L’AFO, dans son message de report, ne fait aucune autocritique. Pourtant, il me semble qu’elle a accumulé plusieurs erreurs méthodologiques :

-       une erreur de calendrier : les 18e Rencontres professionnelles Réunir se déroulent les 12 et 13 septembre et leurs dates étaient connues depuis 1 an. Il est évident que les organisateurs ont vite fait leur choix entre un rendez-vous installé et légitime et une première, aussi innovante soit-elle ;

-       une erreur de contenu : le campus n’avait pas de temps fort. Le thème, creux, « Au centre des préoccupations des organisateurs d’événements », n’avait pas grande signification… Le contenu n’était pas immédiatement perceptible, les conférenciers, aussi brillants soient-ils, peu connus. Pas de tête d’affiche, aucun témoignage concret d’organisateur ou de grande entreprise leader et mûre en matière de communication événementielle… ;

-       une erreur de stratégie : l’AFO n’a pas acquis la légitimité nécessaire pour organiser ce type de rencontre, payante de surcroît. L’AFO n’a pas prouvé qu’elle est un acteur incontournable du secteur. Depuis sa création, l’AFO n’a pas produit de contenu (hormis un brief type pour les traiteurs…), n’a pas posé une parole claire, n’a pas agi sur des thématiques métier ou marché, n’a pas fait preuve de beaucoup de transparence... En planifiant son campus, l'association a mis la charrue avec les boeufs. Une association comme l’ANAé (Association des agences de communication événementielle) a attendu plus de 12 ans avant d’organiser ses premières Universités d’été.

Au-delà de ses erreurs, dont on apprend toujours, il y a des questions qui concernent plus l’essence et la structure même de l’association :

-       Peut-on et doit-on fédérer TOUS les organisateurs ? Quel est le point commun entre un chef de projet junior de 25 ans en agence, un directeur de communication de 50 ans dans une entreprise du CAC 40 , un chargé d'événement chez un traiteur et un responsable de production free-lance ? Ils sont tous organisateurs certes, mais le lien entre eux est si ténu.

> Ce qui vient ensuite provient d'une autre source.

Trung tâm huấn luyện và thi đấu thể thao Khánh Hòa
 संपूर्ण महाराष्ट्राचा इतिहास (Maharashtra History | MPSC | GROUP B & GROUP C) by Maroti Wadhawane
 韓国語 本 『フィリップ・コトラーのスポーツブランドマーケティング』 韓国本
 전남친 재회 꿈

Leurs expériences, leurs compétences, leurs attentes, leurs besoins, leurs objectifs… sont si différents ! La fonction d’organisateur est tellement diverse qu’elle me semble tout simplement impossible à fédérer !
En revanche, les organisateurs d’événements et de rencontres professionnelles en entreprises ont, quant à eux, une légitimité à se fédérer. Le CETA, le Club Événement et Tourisme d’Affaires en entreprise, possède un excellent positionnement, mais son développement est, pour plein de raisons, très lent. Les responsables projets, qui travaillent en agences ou en free pour des agences, auraient des raisons de s’unir. Mais ce n’est pas forcément dans la culture des 20-30 ans, qui en constituent la grande majorité.

-       La fonction d’organisateur a-t-elle besoin d’être défendue ? Admettons qu’on réponde positivement à la question précédente. Si la défense des organisateurs est un des objectifs de l’AFO, s’appuie-t-il alors sur une réalité ? Je n’ai, pour ma part, jamais entendu un organisateur demandé à être défendu… La nécessité de partager des expériences, des best practices, de bonnes idées, des prestataires efficaces, ça oui ! Je n’ai jamais senti non plus un manque de reconnaissance, du moins pour les décisionnaires en entreprise…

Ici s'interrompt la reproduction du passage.